0.8.0
Breaking changes
Switch to softplus transforms for autoguide scales (thanks to experiments performed by @vitkl).
New Features
- New autoguide: AutoDAIS leverages HMC and annealed importance sampling within a variational inference framework
- New distributions: MixtureSameFamily, and directional distributions SineBivariateVonMises, SineSkewed
- New constraints: l1_ball for vectors with L1 norm less than 1
- New transforms: L1BallTransform, SimplexToOrderedTransform, ScaledUnitLowerCholeskyTransform
- #1116 New format_shapes utility to interpret the shapes of random variables/plates in a model.

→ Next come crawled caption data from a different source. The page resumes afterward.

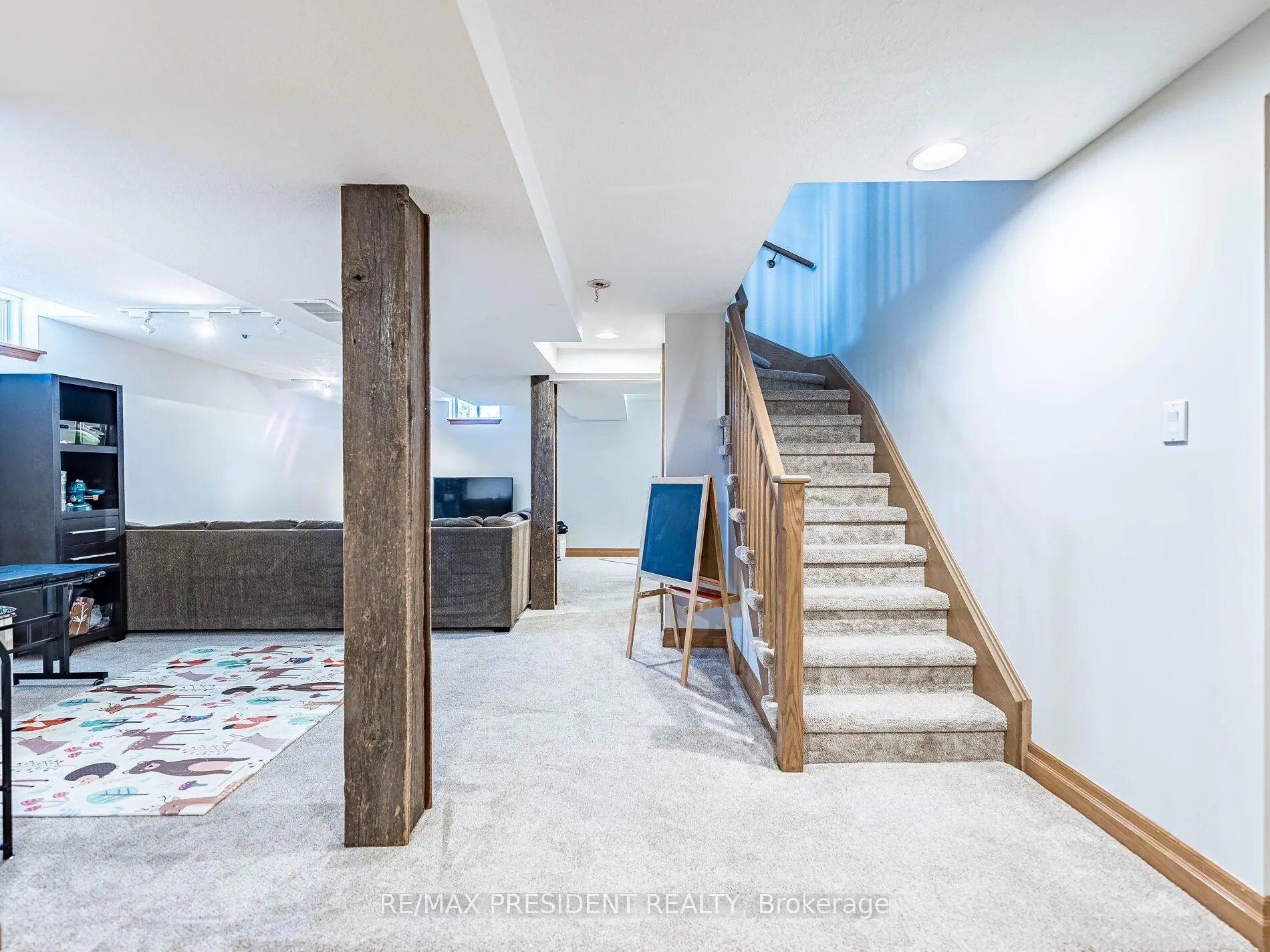 Photo 34 of 45 Grasett Crescent, Barrie, West Bayfield — HOMEH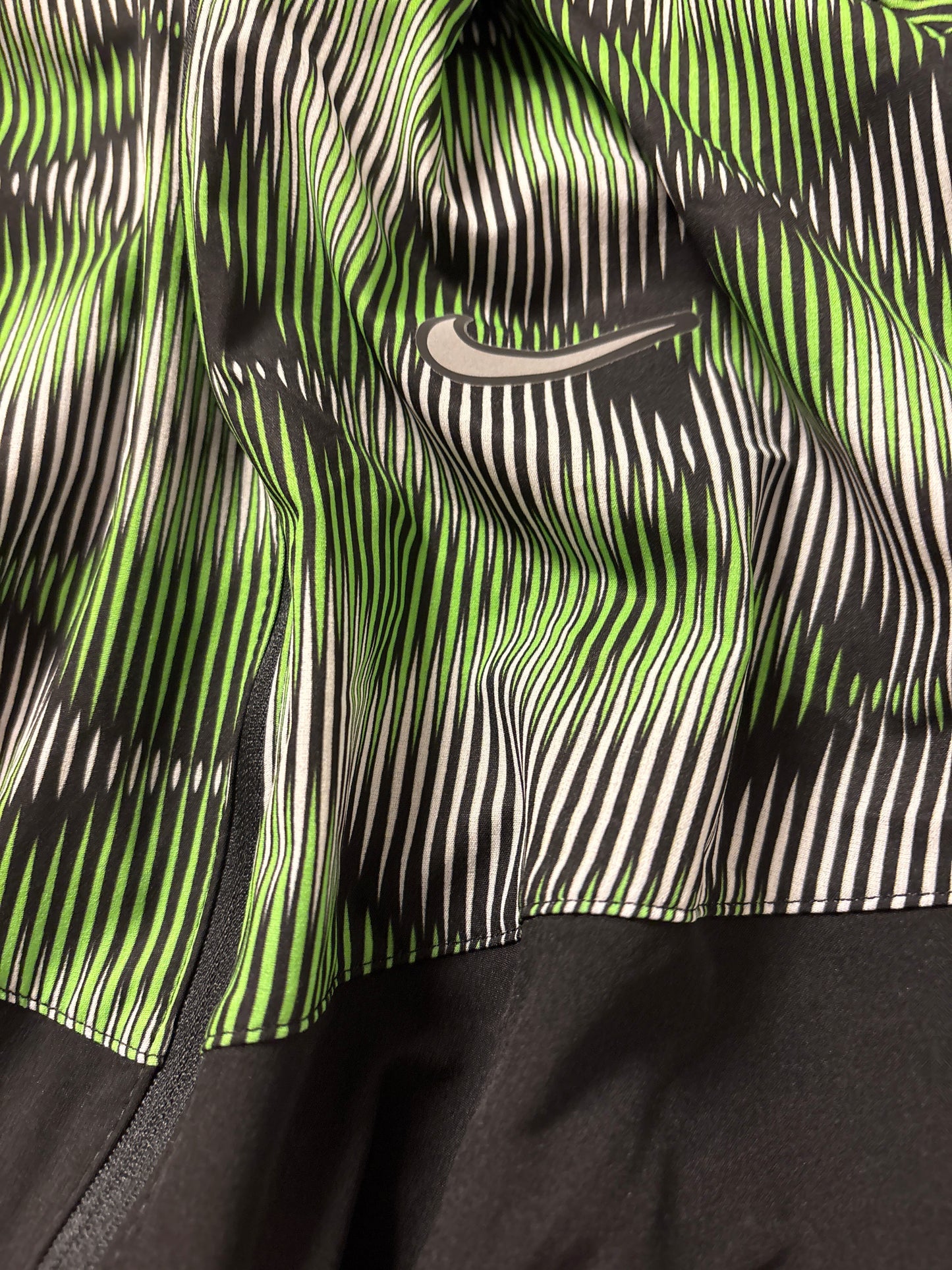 Nike Windjacke, grün/schwarz/weiss, Größe wählbar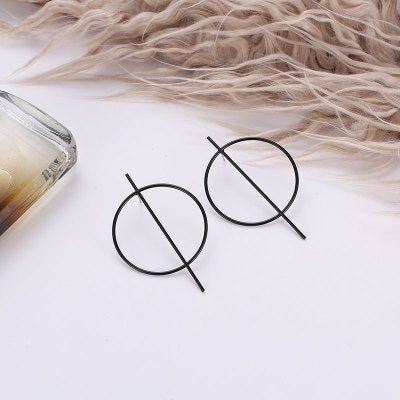 Big circle geometric earrings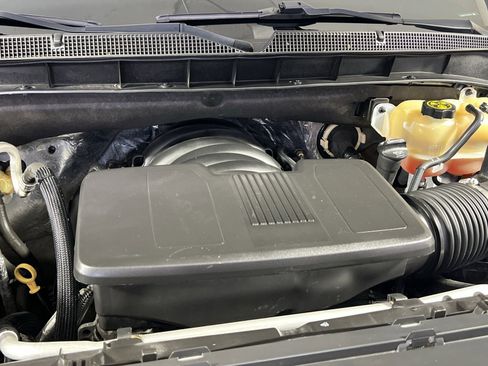 Used 2021 Chevrolet Tahoe Z71 w/ Z71 Off-Road Package image 30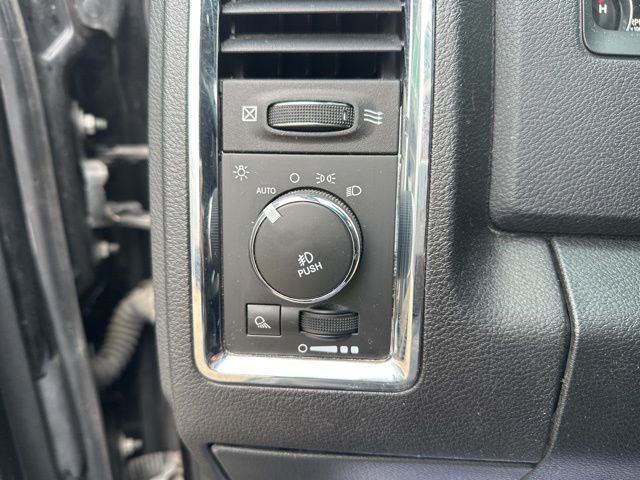 2017 Ram 1500 Laramie - Brilliant Black Crystal Pearlcoat exterior view 18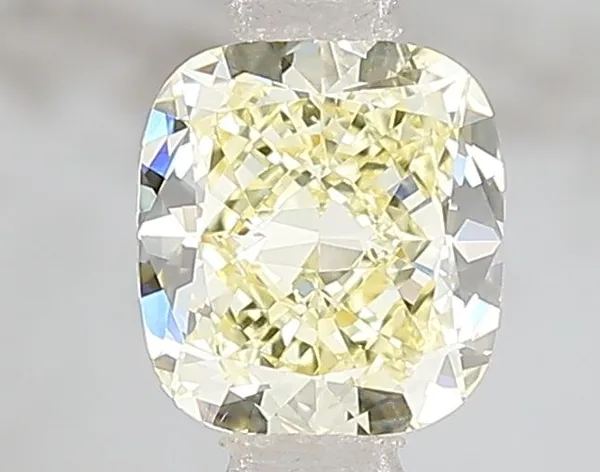 1ct CUSHION Fancy Light Yellow VS1 Coloured Lab diamond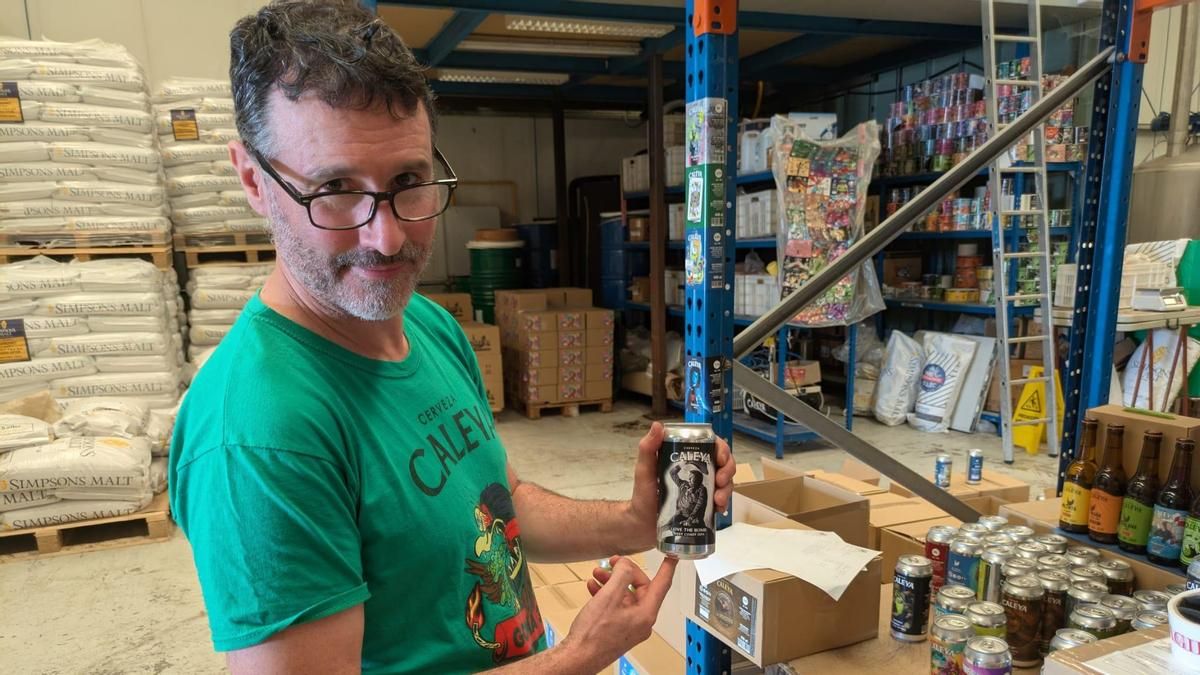 César García, uno de los fundadores de Caleya, en la fábrica de Caleya en el polígono de Valnalón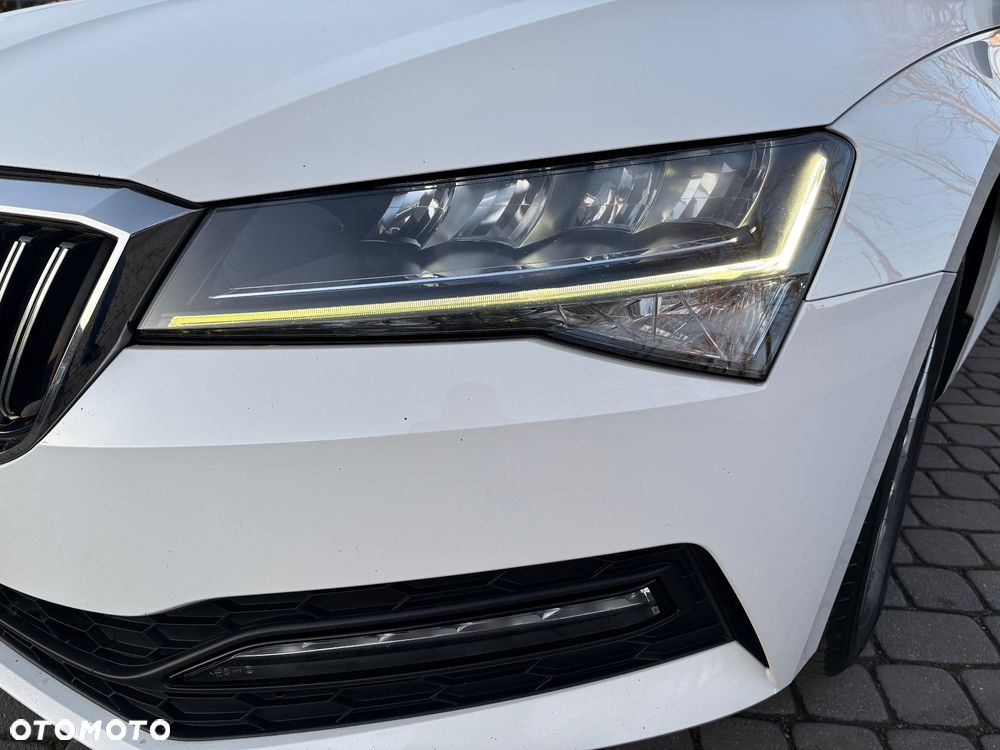 Skoda Superb 2.0 TDI Style - 8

- #1109 Allow direct use of TFP distributions in numpyro.sample
- New tutorials and examples:
- Principled prior with Dirichlet distribution for Ordinal Regression case study
- Horseshoe regression
- Bad posterior geometry and how to deal with it
Enhancements and Bug Fixes
- #1108 Avoid numerical problems when using BernoulliProbs
- #1118 Recommend AutoNormal guide when hessian in AutoLaplace is singular
- #1126 Smarter warning about discrete inference in SVI models
- #1136 Support to use SA sampler with arviz
- #1139 Document Poisson
is_sparse
argument - #1140 Make Sigmoid and StickBreakingTransform more stable
- #1149 Raise value error if num_steps bad in svi.run
- #1162 Use black[jupyter] in notebooks
This release is composed of great contributions and feedback from the Pyro community: @MarcoGorelli @OlaRonning @d-diaz @quattro @svilupp @peterroelants @prashjet @freddyaboulton @tcbegley @julianstastny @alexlyttle and many others. Thank you!